U.S. Weighs Taliban Strike Into Pakistan
By DAVID E. SANGER and ERIC SCHMITT, New York Times, March 18, 2009
WASHINGTON — President Obama and his national security advisers are considering expanding the American covert war in Pakistan far beyond the unruly tribal areas to strike at a different center of Taliban power in Baluchistan, where top Taliban leaders are orchestrating attacks into southern Afghanistan.
According to senior administration officials, two of the high-level reports on Pakistan and Afghanistan that have been forwarded to the White House in recent weeks have called for broadening the target area to include a major insurgent sanctuary in and around the city of Quetta.
Mullah Muhammad Omar, who led the Taliban government that was ousted in the American-led invasion in 2001, has operated with near impunity out of the region for years, along with many of his deputies.
The extensive missile strikes being carried out by Central Intelligence Agency-operated drones have until now been limited to the tribal areas, and have never been extended into Baluchistan, a sprawling province that is under the authority of the central government, and which abuts the parts of southern Afghanistan where recent fighting has been the fiercest. Fear remains within the American government that extending the raids would worsen tensions. Pakistan complains that the strikes violate its sovereignty.

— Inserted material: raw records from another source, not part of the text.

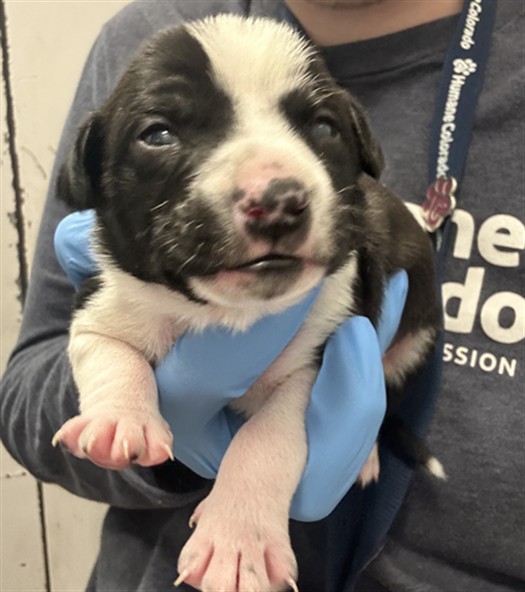  - Male - Chihuahua-Mix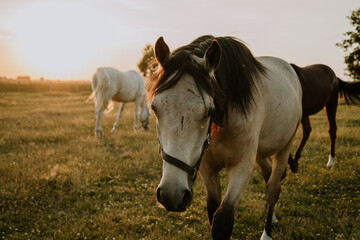 konie na pastwisku o zachodzie słońca w lecie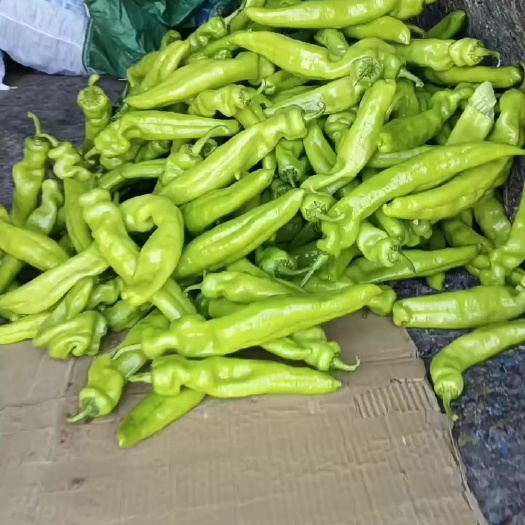 襄城县黄皮大果辣椒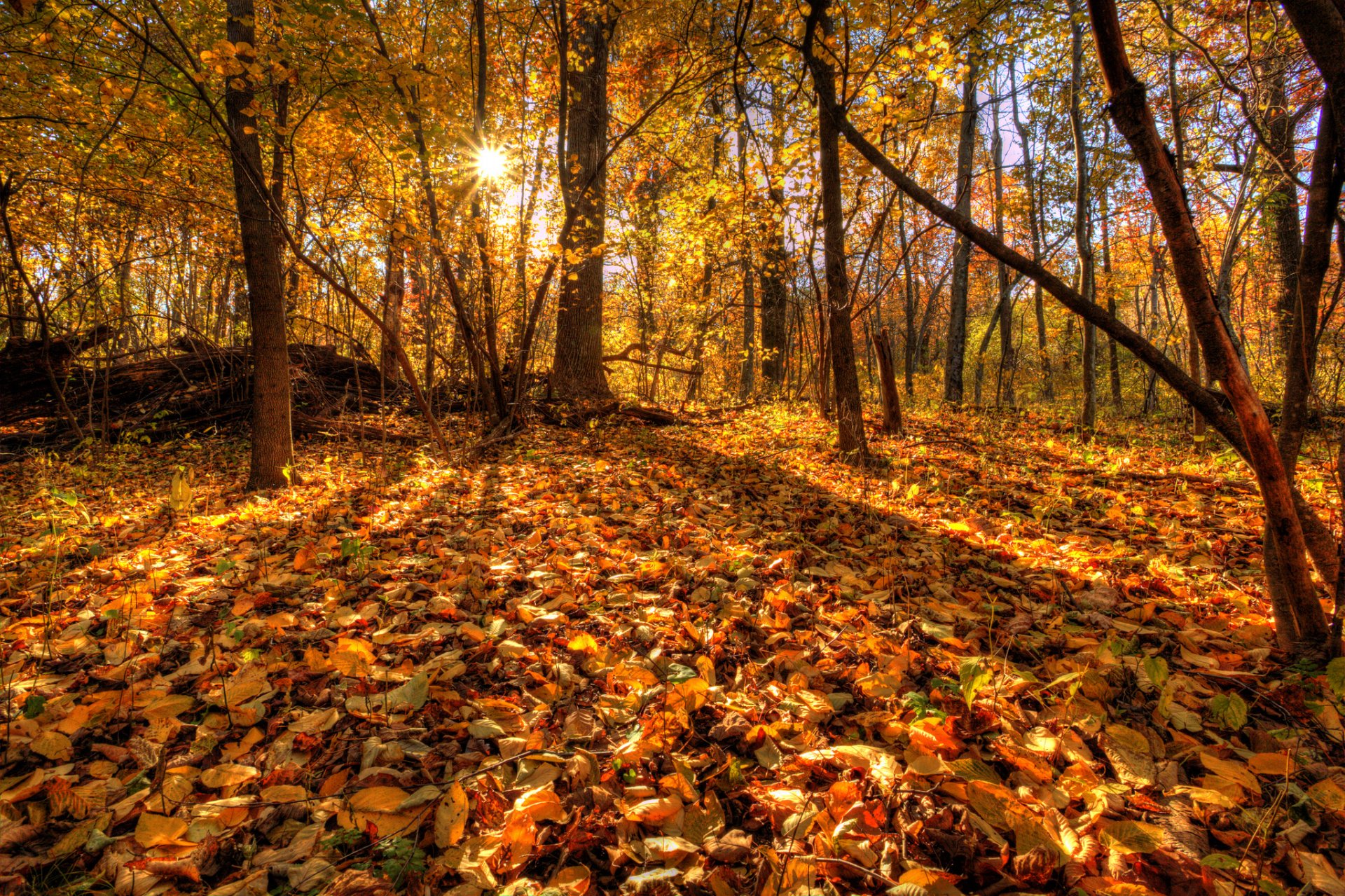 tree forest leaves autumn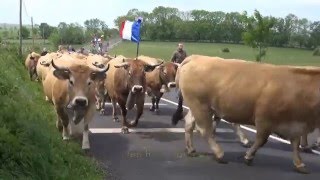 Transhumance à Aubrac [upl. by Frasch]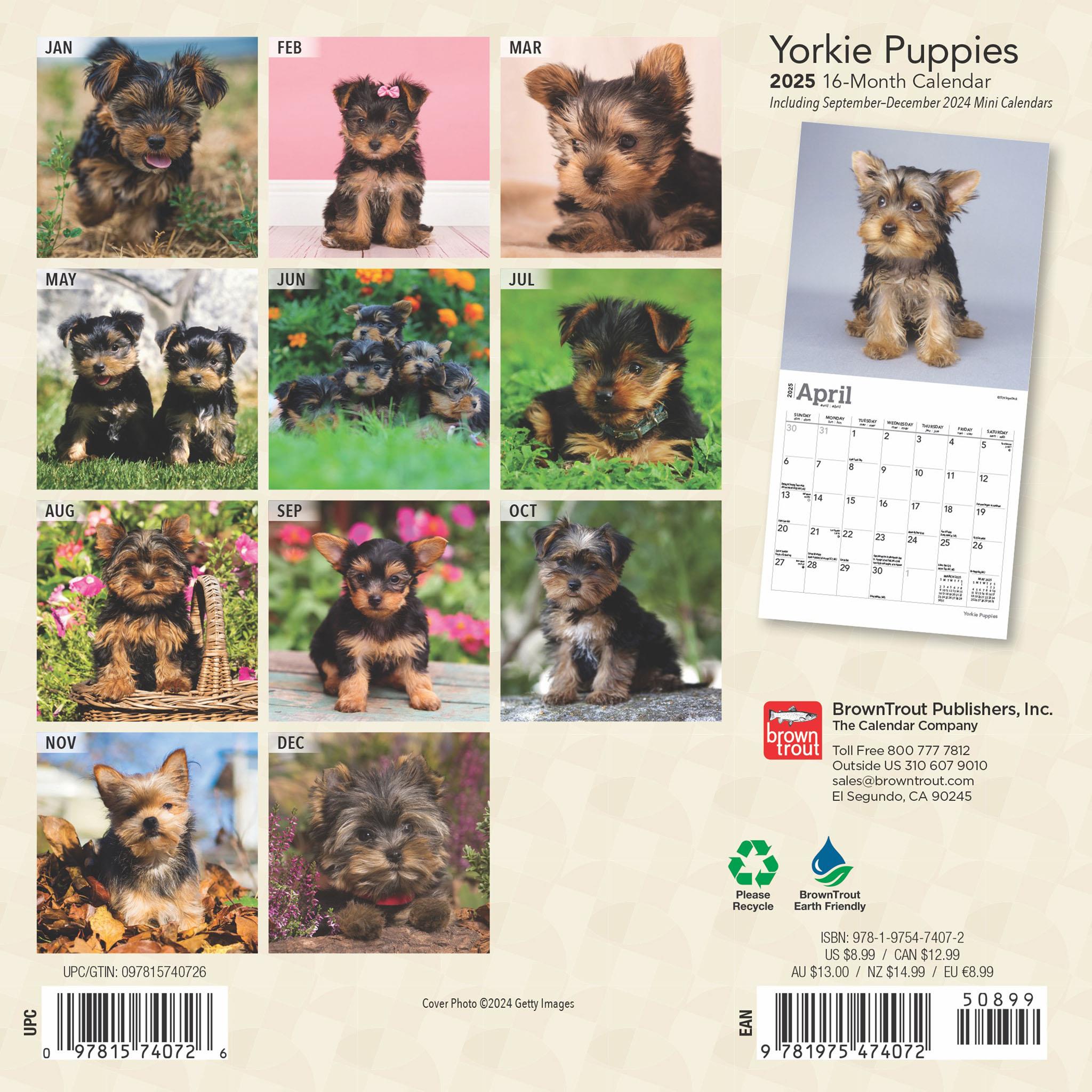 Yorkshire Terrier Puppies Mini 2025 Calendar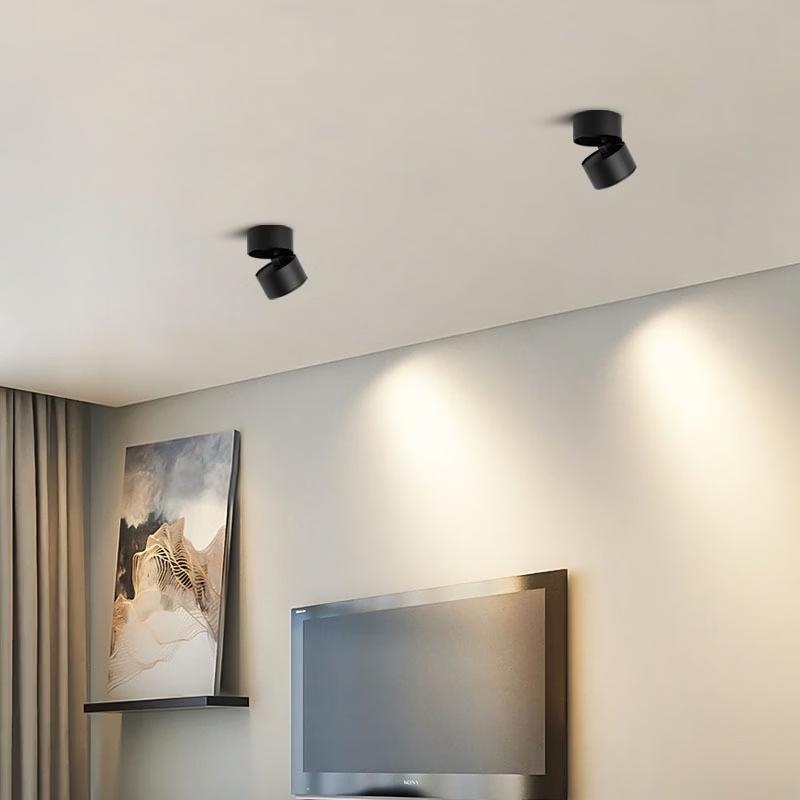 Oeny Adjustable Surface-Mounted LED Downlight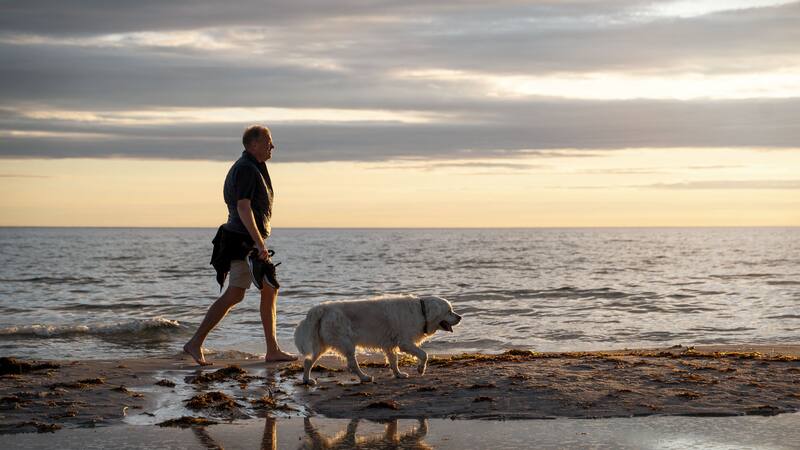Esta actividad combina el placer de caminar con los beneficios del ejercicio acuático.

But some American officials say the missile strikes in the tribal areas have forced some leaders of the Taliban and Al Qaeda to flee south toward Quetta, making them more vulnerable. In separate reports, groups led by both Gen. David H. Petraeus, commander of American forces in the region, and Lt. Gen. Douglas E. Lute, a top White House official on Afghanistan, have recommended expanding American operations outside the tribal areas if Pakistan cannot root out the strengthening insurgency.